Generell sollte Kaliumjodid nur auf Anordnung der Behörden eingenommen werden. Droht nämlich keine Strahlenbelastung, kann es eine schädliche Wirkung entfalten.

7 Welches Krisenmanagement gibt es in der Millionenstadt Wien?

In Wien laufen im Ernstfall alle Fäden zunächst in der rund um die Uhr besetzten Nachrichtenzentrale der Berufsfeuerwehr zusammen. Nach einer ersten Lagebeurteilung kann innerhalb kürzester Zeit die Katastrophenleitzentrale in Betrieb genommen werden. Bürgermeister und Magistratsdirektor werden verständigt, im Einsatzstab sitzen neben Vertretern der Stadt auch Mitglieder von Rettungsorganisationen, Polizei und Bundesheer. Dieser Stab wäre spätestens eine Stunde nach Alarmierung arbeitsfähig.
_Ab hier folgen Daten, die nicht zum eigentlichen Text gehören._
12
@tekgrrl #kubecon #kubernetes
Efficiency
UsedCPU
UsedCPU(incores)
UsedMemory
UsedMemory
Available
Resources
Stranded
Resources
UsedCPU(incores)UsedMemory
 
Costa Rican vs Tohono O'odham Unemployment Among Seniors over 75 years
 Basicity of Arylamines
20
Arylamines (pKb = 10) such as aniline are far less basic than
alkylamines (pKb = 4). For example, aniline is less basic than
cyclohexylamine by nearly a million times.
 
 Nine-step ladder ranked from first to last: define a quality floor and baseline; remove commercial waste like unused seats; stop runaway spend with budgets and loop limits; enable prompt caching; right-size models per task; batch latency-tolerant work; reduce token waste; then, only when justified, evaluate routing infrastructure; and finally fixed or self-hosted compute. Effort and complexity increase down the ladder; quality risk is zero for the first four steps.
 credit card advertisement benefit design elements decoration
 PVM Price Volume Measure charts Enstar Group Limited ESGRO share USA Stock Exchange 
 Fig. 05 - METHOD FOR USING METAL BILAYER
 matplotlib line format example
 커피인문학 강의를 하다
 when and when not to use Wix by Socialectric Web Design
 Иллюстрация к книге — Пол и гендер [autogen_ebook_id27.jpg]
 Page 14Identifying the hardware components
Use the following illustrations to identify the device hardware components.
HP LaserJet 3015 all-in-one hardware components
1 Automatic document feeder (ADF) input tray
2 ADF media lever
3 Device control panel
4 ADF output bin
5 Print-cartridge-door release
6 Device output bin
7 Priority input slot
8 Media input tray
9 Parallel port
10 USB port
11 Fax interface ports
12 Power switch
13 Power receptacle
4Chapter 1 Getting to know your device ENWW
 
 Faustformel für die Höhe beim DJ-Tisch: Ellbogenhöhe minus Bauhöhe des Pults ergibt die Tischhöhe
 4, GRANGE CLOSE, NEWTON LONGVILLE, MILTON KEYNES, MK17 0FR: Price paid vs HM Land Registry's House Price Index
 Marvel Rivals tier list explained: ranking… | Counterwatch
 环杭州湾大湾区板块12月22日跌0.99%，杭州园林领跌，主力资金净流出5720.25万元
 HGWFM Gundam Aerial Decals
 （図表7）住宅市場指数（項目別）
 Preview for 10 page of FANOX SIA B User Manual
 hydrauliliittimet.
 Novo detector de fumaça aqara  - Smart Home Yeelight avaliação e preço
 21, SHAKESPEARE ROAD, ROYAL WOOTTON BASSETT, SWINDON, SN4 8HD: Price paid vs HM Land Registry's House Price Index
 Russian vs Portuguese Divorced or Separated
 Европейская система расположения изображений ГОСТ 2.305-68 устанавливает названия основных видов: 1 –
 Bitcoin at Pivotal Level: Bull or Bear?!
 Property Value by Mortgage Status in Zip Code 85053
Werner Hiller, oberster Wiener Krisenmanager, erklärt: „Wir haben für jedes denkbare Katastrophenszenario Einsatzpläne erarbeitet, die ständig auf den neuesten Stand gebracht werden.“ Im Fall eines Atomalarms würde man an die Bevölkerung appellieren, in den Häusern und Wohnungen zu bleiben und über die Medien die aktuelle Lage zu verfolgen.

Pläne für großflächige Evakuierungen von Bezirken oder Stadtteilen gäbe es nicht. Nach einem Erdbeben mit eingestürzten Häusern und zahlreichen Obdachlosen könne Wien auf über das Stadtgebiet verteilte Gebäude wie Speisesäle, Turnsäle, Schulen oder Messehallen zurückgreifen, sagt Hiller.